# Whole-Prey trouble



## mac658 (Sep 22, 2012)

Hello everyone, 

I've started feeding my guy Fitz raw, he is adjusting very well. We are on month 4 or 5 now, and he is thriving. I am introducing now whole-prey to his diet to add more variety, and this week I got 20 pounds of whole rabbit. He's had whole chicken and nice slabs of pork, whole fish as well, but is relatively uninterested in the rabbit. I think the fur is what is freaking him out. Any advice for a picky eater? Do I play the classic you eat what I give you card? He usually wolfs his dinner down. (See what I did there?)

I've tried slicing the chest open for him, he sniffed, licked, and walked away. I'd really rather not waste the money on the rabbit if at all possible, just looking for advice to get him interested if I can. Should I try skinning it? 

Thanks! Pic of my guy added for fun! :wub:

*** Pic removed by ADMIN - Max pic size allowed 800 X 600 ***


----------



## Lauri & The Gang (Jun 28, 2001)

I would try skinning the rabbit and see if he likes it that way first.


----------



## mac658 (Sep 22, 2012)

Lauri & The Gang said:


> I would try skinning the rabbit and see if he likes it that way first.


Since I'm an apartment dwelling Chicagoan who's never hunted in my life, tomorrow will be a squeamish experience I think.


----------



## NancyJ (Jun 15, 2003)

Rabbit definitely has a different odor and flavor. My guys too right to it, but it was skinned and dressed ...but they were already used to eating venison which was also pretty gamey because it was from a buck.... I would say skinning it and offering a management piece like a leg may be a good start.


----------



## lhczth (Apr 5, 2000)

Alexis and Deja will not eat rabbit. I quit bothering. The rabbit I get, though, is farm raised so not gamey. Deja, OTOH, will eat wild rabbit that she has caught. Go figure.


----------



## lhczth (Apr 5, 2000)

BTW, great ad for VW.


----------



## KristiM (Oct 18, 2011)

I have found that dogs either LOVE whole rabbits or hate them. Good luck!


----------



## volcano (Jan 14, 2013)

tie a string to it and twitch it, that should get her going, if not then you bought too much.


----------



## Lauri & The Gang (Jun 28, 2001)

mac658 said:


> Since I'm an apartment dwelling Chicagoan who's never hunted in my life, tomorrow will be a squeamish experience I think.


Hey - I was a suburb raised kid that never HEARD of hunting and yet I raise, kill and butcher my own rabbits.

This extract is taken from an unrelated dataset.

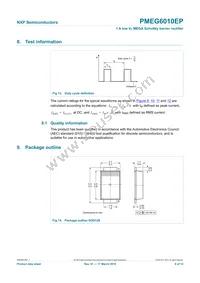 PMEG6010EP/6X Datasheet Page 10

My family tells people I'm adopted.


----------



## Ilee (Feb 7, 2013)

A friend of mine raw feeds her gsd pretty much all the usual meats including rabbit (which she loves). One day she bought some rabbit meat from a different butcher and gave it to her dog. She took one sniff and walked away. Later she found out from the butcher that the rabbits were gassed. Which is strange because I always thought that gassing was only used as a method of pest control.


----------



## Sunflowers (Feb 17, 2012)

Hans ate rabbit when he was younger, but when I tried to give it to him today (ground) he sniffed it, turned his head, then proceeded to barf, not once, but twice!

I tried to coax him to eat it, he sniffed it again, then looked at me with the most woeful expression and slunk away. 

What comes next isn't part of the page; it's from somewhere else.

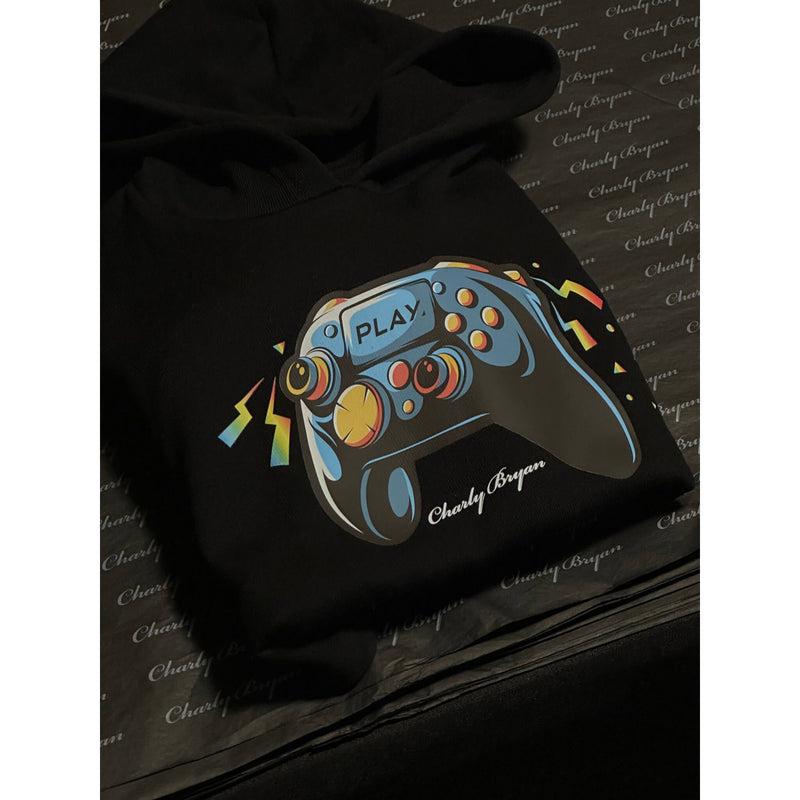 Charly Bryan "Gaming Controller" Youth Hoodie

I threw the rabbit in the trash ( I had even mixed it with beef) and gave him his beef. 
I guess I have to grab the rest of it out of the freezer and toss it.


----------



## bellagriff (Jul 1, 2012)

Our Bella has had ground rabbit from MPC and the first time she was hesitant. We just mixed it up with some green tripe (she loves that stuff) and her other raw foods. She ate everything that night and has never looked back. The only thing I haven't gotten her to eat consistently is seafood (except canned tuna). The hispanic grocer where I buy her meat from had a great sale on shrimp so I decided to try it. Bella wouldn't touch it. She will eat fish if coaxed, but she doesn't want to. After a few meals of coaxing and trying, we just decided that seafood would not be a part of her diet - other than the canned tuna, she loves that stuff also.


----------